At a time when the philosophy behind universal benefits is increasingly unpopular, it seems strange that these two recent policy ideas seem to be ever more untargeted.
I had always thought means testing was an obvious and essential criteria for receiving money from the state. So until recently I was sceptical of universal benefit. I changed my view when someone pointed out to me that people were getting something back in return for they had been promised for contribution.
The key issue here is a prior understanding.
The mansion tax policy and “discounts for first time-buyers under 40” policy fail to pass any form of accuracy test – desert, fulfilment of promise or means-testing.
The mansion tax will affect people who have homes worth over £5 million. So regardless of their liquidity, the mansion owners have financial options and the policy frees up under used housing.
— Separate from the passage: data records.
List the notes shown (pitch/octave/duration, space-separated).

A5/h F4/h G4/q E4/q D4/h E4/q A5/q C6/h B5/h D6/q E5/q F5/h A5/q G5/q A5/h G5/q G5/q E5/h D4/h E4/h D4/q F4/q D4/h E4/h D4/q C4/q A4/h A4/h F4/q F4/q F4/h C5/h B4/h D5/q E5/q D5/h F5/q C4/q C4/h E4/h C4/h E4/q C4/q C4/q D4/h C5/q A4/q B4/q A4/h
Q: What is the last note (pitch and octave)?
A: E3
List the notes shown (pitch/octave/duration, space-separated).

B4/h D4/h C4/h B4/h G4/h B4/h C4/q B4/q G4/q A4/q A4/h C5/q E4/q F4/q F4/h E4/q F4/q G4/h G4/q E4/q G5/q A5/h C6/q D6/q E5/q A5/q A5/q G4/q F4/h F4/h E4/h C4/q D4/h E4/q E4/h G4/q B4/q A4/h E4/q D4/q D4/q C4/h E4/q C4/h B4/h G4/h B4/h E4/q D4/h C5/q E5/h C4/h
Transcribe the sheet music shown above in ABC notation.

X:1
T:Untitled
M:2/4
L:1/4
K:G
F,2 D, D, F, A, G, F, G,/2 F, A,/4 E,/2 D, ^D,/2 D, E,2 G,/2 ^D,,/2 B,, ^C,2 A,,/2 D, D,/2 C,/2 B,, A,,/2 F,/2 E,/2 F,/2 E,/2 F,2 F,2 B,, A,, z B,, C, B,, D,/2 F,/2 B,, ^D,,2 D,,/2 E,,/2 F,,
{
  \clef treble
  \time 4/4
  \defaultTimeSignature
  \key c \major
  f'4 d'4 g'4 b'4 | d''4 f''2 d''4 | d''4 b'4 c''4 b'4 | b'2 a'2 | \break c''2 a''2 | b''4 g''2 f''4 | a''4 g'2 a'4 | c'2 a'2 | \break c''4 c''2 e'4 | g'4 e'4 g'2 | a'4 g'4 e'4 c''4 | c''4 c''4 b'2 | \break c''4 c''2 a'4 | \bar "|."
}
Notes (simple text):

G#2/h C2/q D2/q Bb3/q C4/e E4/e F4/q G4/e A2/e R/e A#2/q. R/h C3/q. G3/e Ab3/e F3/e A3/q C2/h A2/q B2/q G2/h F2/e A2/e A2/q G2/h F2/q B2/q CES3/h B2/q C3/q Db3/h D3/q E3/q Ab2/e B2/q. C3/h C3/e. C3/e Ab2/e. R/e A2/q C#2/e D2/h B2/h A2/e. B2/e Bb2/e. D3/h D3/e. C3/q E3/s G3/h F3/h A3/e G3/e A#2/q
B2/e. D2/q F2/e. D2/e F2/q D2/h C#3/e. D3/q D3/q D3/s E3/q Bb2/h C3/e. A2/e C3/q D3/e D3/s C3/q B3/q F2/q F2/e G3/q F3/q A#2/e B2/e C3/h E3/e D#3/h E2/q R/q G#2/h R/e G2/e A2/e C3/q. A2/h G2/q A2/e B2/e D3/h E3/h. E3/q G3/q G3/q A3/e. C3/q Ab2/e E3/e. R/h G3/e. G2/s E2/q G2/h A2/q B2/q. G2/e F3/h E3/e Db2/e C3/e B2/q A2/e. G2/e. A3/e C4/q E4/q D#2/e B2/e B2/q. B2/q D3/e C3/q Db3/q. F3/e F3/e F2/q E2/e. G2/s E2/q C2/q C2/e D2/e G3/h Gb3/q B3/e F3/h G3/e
But the 20% discount policy not only excludes the deserving over 40s but it creates a distortion in the market – ironic coming from the pro-free market Conservatives – by falsely affecting price because it does not limit who can benefit. The fact that after five years you can sell the house without paying back the discount leaves the policy open to exploitation from exactly the type of people who are causing the problem in the housing market by buying multiple homes as investments. It doesn’t take a game theory genius like John Nash to figure out that people with cash to invest can buy houses via amenable “first time buyers” and then reap an agreed portion of the 20% profit on the the sale of the house in five years time.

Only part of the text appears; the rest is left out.